OpenSolaris Server – Server Hangs When Writing Large Files After Upgrading Zpool

opensolarisraidzzfs

yesterday I added new harddrives(four as a raidz1 and one as hot-spare) to a opensolaris server, after extending the zpool the server hangs when writing large files but not when reading large files(large files = > 1GiB).

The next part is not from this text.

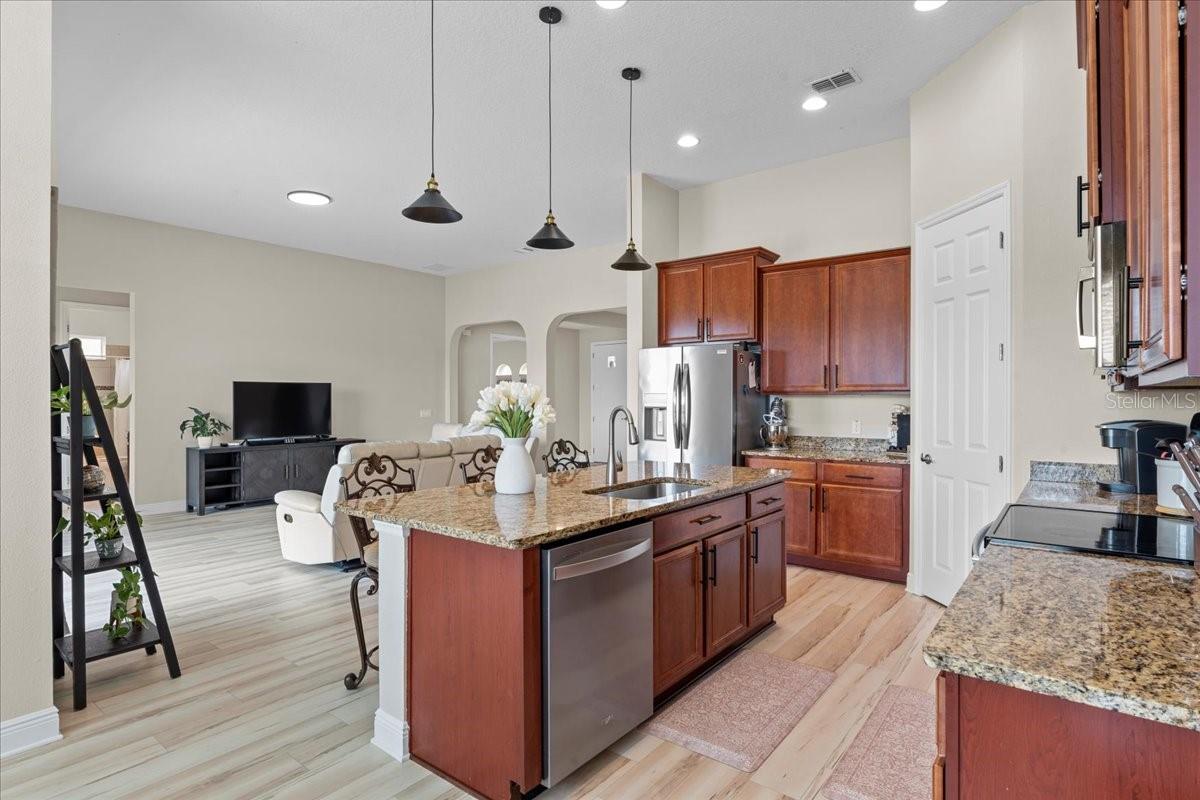 Image 14 of 49 For 3715 Paradiso Circle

The zpool configuration before the upgrade looked like this:

state: ONLINE

NAME STATE READ WRITE CKSUM
storage ONLINE 0 0 0
 raidz1 ONLINE 0 0 0
  c9t0d0 ONLINE 0 0 0
  c9t1d0 ONLINE 0 0 0
  c9t2d0 ONLINE 0 0 0
  c9t3d0 ONLINE 0 0 0

After the upgrade the zpool looks like this:

state: ONLINE

NAME STATE READ WRITE CKSUM
storage ONLINE 0 0 0
 raidz1 ONLINE 0 0 0
  c9t0d0 ONLINE 0 0 0
  c9t1d0 ONLINE 0 0 0
  c9t2d0 ONLINE 0 0 0
  c9t3d0 ONLINE 0 0 0
 raidz1 ONLINE 0 0 0
  c9t4d0 ONLINE 0 0 0
  c9t5d0 ONLINE 0 0 0
  c9t6d0 ONLINE 0 0 0
  c9t7d0 ONLINE 0 0 0
 spares
  c9t8d0 AVAIL

As you can see all drives are Online an even the 3Ware 9690SA-4I Controller tells me that everything is okey:

Unit UnitType Status %RCmpl %V/I/M Stripe Size(GB) Cache AVrfy
----------------------------------------------------------------------------- -
u0 SINGLE OK - - - 1862.63 RiW ON
u1 SINGLE OK - - - 1862.63 RiW ON
u2 SINGLE OK - - - 1862.63 RiW ON
u3 SINGLE OK - - - 1862.63 RiW ON
u4 SINGLE OK - - - 1862.63 RiW ON
u5 SINGLE OK - - - 1862.63 RiW ON
u6 SINGLE OK - - - 1862.63 RiW ON
u7 SINGLE OK - - - 1862.63 RiW ON
u8 SINGLE OK - - - 1862.63 RiW ON

VPort Status Unit Size Type Phy Encl-Slot Model
----------------------------------------------------------------------------- -
p8 OK u0 1.82 TB SATA - /c9/e0/slt1 SAMSUNG HD203WI
p9 OK u1 1.82 TB SATA - /c9/e0/slt3 SAMSUNG HD203WI
p10 OK u2 1.82 TB SATA - /c9/e0/slt5 SAMSUNG HD203WI
p11 OK u4 1.82 TB SATA - /c9/e0/slt6 SAMSUNG HD203WI
p12 OK u5 1.82 TB SATA - /c9/e0/slt8 SAMSUNG HD203WI
p13 OK u3 1.82 TB SATA - /c9/e0/slt10 SAMSUNG HD203WI
p14 OK u6 1.82 TB SATA - /c9/e0/slt13 SAMSUNG HD203WI
p15 OK u7 1.82 TB SATA - /c9/e0/slt15 SAMSUNG HD203WI
p16 OK u8 1.82 TB SATA - /c9/e0/slt17 SAMSUNG HD203WI

But when I start writing Files to this zfs the server hangs sometime during the write process and sometimes just after writing the whole file but for sure the server hangs… .
Reading large files(7-8GiB) on the otherside is no problem!

Thanks for your answers!

cu

Guido

edit:

fyi: The server runs at svn_111b

edit 2:

scrub: scrub completed after 6h20m with 0 errors on Thu Jul 22 00:33:29 2010

As you can see there are no file system errors… .

Best Answer

It's a 3+ years bug with ZFS ARC that still persists!

http://bugs.opensolaris.org/bugdatabase/view_bug.do?bug_id=6522017

It will also go out-of-bounds from the VM limits of a hypervisor!